Тут бедному поклоннику артиста пришлось разделиться на две части. С одной стороны, он должен был посвящать все свое умиленное внимание рициньевскому пению, звуки которого уже доносились со сцены, с другой же стороны — он еще никак не мог прийти в себя от неожиданного счастья держать в своих руках шарф Рицини, тот самый шарф, который только что окутывал его горло, то самое горло, из которого исходили эти сладостные небесные звуки. Но мало-помалу он приспособился к столь затруднительному положению и стал вкушать оба эти наслаждения разом. Действие шло своим порядком. Уже Рауль выразил свое необычайное восхищение королевой, причем каждая фраза его покрывалась громом рукоплесканий и гулом восторженных голосов; уже благородные рыцари пропели свою клятву и, наконец, перед Раулем была выведена его возлюбленная, от которой он неожиданно отказался, дав при этом несколько почти невероятных нот, благодаря которым стены театра стали угрожать опасностью падения, что, вместе с криком и суматохой, поднятыми на сцене, вследствие непонятного поведения Рауля, давало картину светопреставления. Кончилось это, разумеется, тем, что опустился занавес. И вот в этот-то момент в голове Фонтанского созрела идея, которая с первого взгляда, пожалуй, может показаться странною.
Дело в том, что упиваясь пением божественного Рицини, Фонтанский ни на минуту не забывал, что у него в руках тот самый шарф, который окутывал и предназначен к тому, чтобы и впредь окутывать шею Рицини. Это двойное наслаждение превышало его силы, и под конец действия он почувствовал какое-то нервное ослабление и кружение головы. Но когда занавес упал и этим самым обязанность наслаждаться пением сама собой прекратилась, он естественно весь сосредоточился на шарфе, и каково же было его страдание, когда он понял, что певец сейчас появится за кулисами и потребует от него эту драгоценную вещь, так как его горло ни одной минуты не может оставаться без прочной защиты! Мгновение, когда эта мысль пришла ему в голову, обладало всеми свойствами, которые давали ему право назваться трагическим. Он уже видел Рицини, сделавшего три шага по направлению к электрической будке, но невероятный зов публики заставил певца вернуться и послать ей несколько благосклонных улыбок. А критическая минута все-таки приближалась и во всяком случае была неизбежна. И при мысли о том, что он сейчас потребует навсегда предмет, столь дорогой для сердца искреннего рициниста, Фонтанский готов был плакать.
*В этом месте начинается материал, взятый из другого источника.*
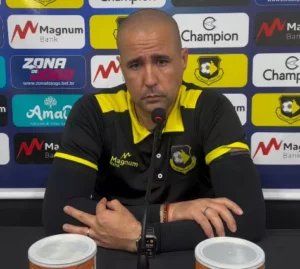 Treinador elogia atuação do São Bernardo e foca no duelo com o Ypiranga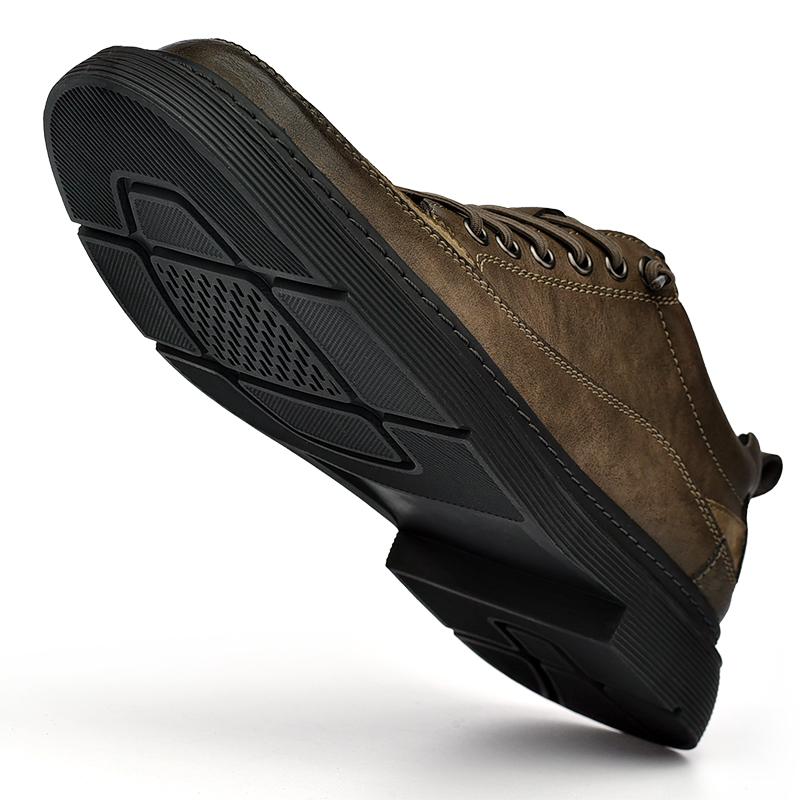 Men's Fashion Casual Leather Shoes Dress Shoes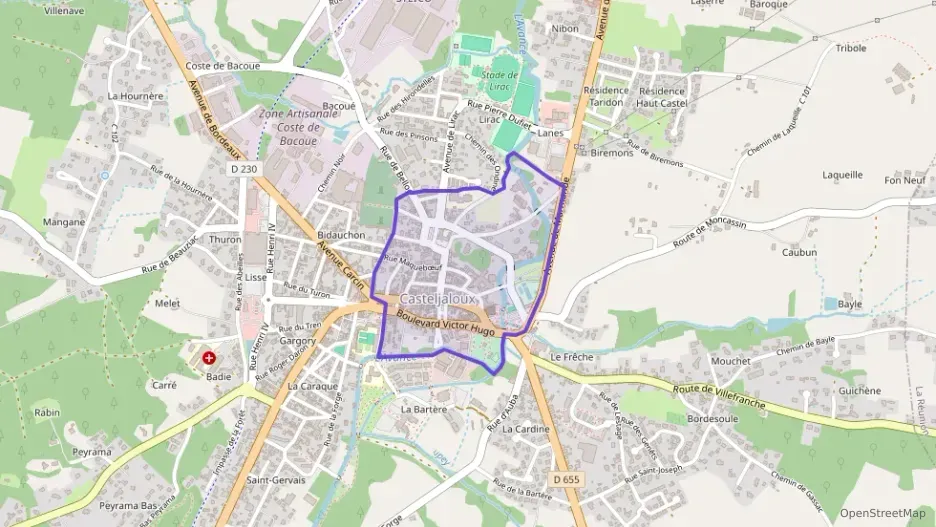 Appartement 31 m² une piece à vendre à Casteljaloux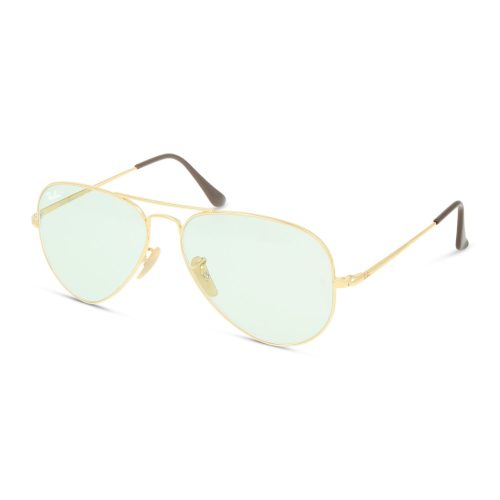 Ray-Ban Solid Evolve RB3689 - Piloot Goud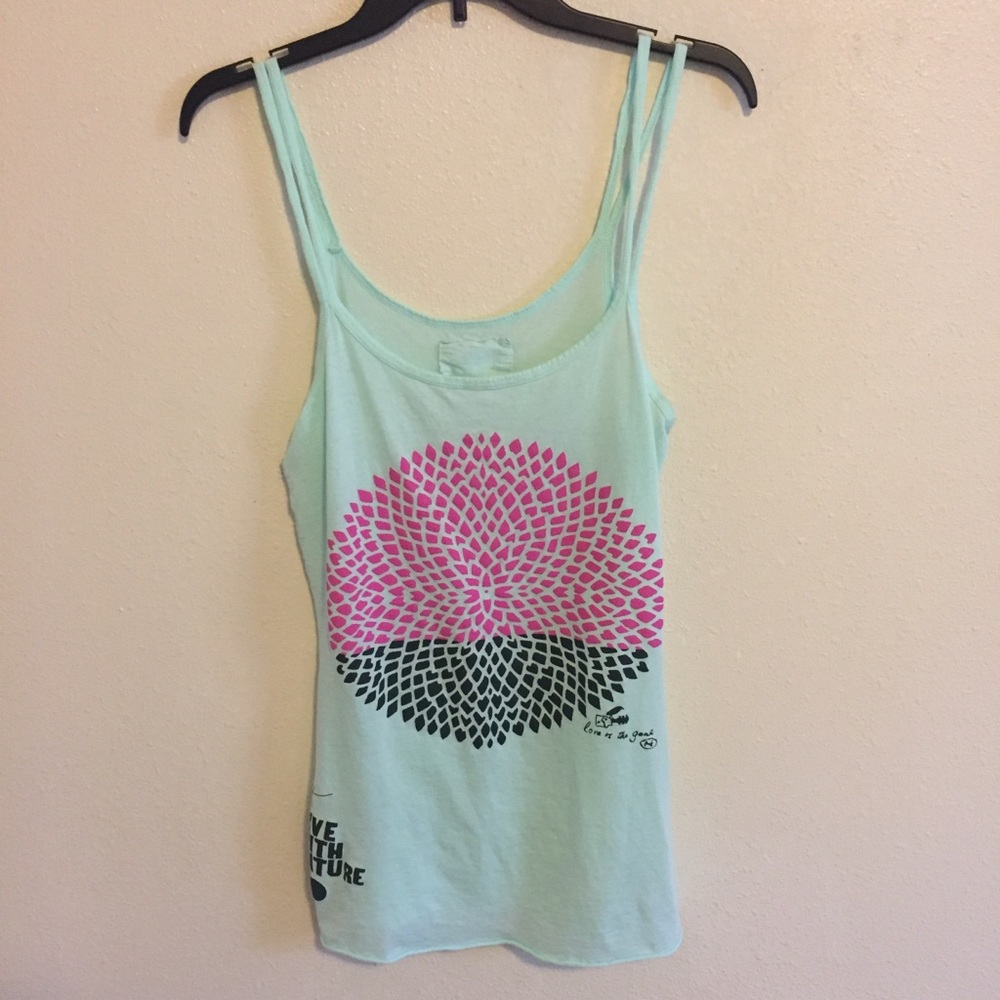 291 Venice graphic tank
Оригинальные идеи всегда приходят в критическую минуту, когда человек совсем растерялся и ему кажется, что голова его, хотя бы думала целую вечность, никогда ничего не выдумает. Фонтанский видел, что Рицини вот-вот подойдет к будке, подымет голову кверху и потребует шарф… Если бы какой-нибудь бессердечный судья присудил мать к тому, чтобы она в известный день и в известный час отдала кому-нибудь своего любимого ребенка, и этот час, наконец, наступил бы, то разве только чувства этой бедной женщины могли бы сравниться с чувствами нашего меломана, ввиду неминуемого расставания с шарфом. Едва ли Фонтанский и сам мог бы объяснить, каким образом случилось, что правая рука его, доверив драгоценный шарф одной только левой, залезла в жилетный карман, вытащила оттуда маленький складной ножичек и при помощи этого ножичка, менее чем в один миг, отмахнула кусок шарфа, величиной в добрых две четверти. Сделав это, Фонтанский неожиданно получил еще от судьбы целую минуту для того, чтобы прийти в себя после такого, можно сказать, горячечного поступка и сознать всю его необычайность, преступность и в то же время полнейшую непоправимость, — так как Рицини еще раз вернулся к рампе, чтобы раскланяться. Совершенно поглощенный своим занятием, Фонтанский, разумеется, не видел и не слышал ничего, что было вне Рицини и его шарфа; а между тем Курбетов давно уже подозрительно посматривал на него, видя, как он вытянул шею по направлению к сцене, как в то же время плечи его нервно подергивались, а руки судорожно прижимались к груди. Но Курбетов был окончательно огорошен, когда приятель его запустил руку в собственный жилетный карман, вынул нож и проделал свою знаменитую операцию над шарфом артиста.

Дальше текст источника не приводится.